**Aim of the task:**
When writing out the entries below, keep only the lines from the line with "e.l.f. Instant Lift" to the line with "5266 W 700 N, Lake", both included, exactly as they are, and leave the pictures aside.

**Information supplied:**
----------
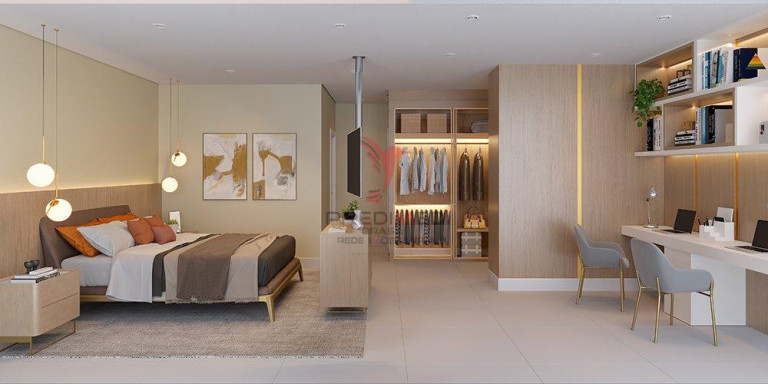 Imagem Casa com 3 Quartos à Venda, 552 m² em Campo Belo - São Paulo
----------
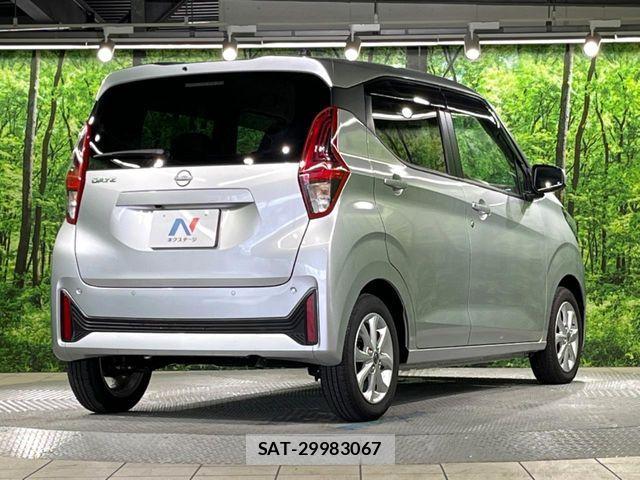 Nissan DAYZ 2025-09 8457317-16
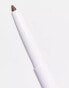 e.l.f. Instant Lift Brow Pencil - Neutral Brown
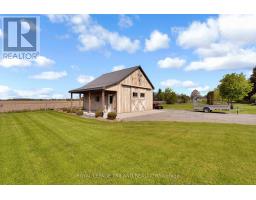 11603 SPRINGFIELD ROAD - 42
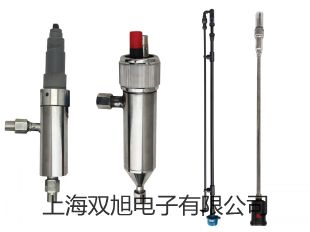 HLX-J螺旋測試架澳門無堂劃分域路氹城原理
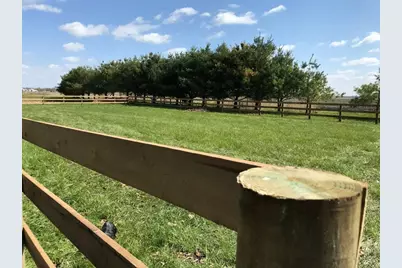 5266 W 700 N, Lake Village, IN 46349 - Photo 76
----------
**Answer space:**
 e.l.f. Instant Lift Brow Pencil - Neutral Brown
 11603 SPRINGFIELD ROAD - 42
 HLX-J螺旋測試架澳門無堂劃分域路氹城原理
 5266 W 700 N, Lake Village, IN 46349 - Photo 76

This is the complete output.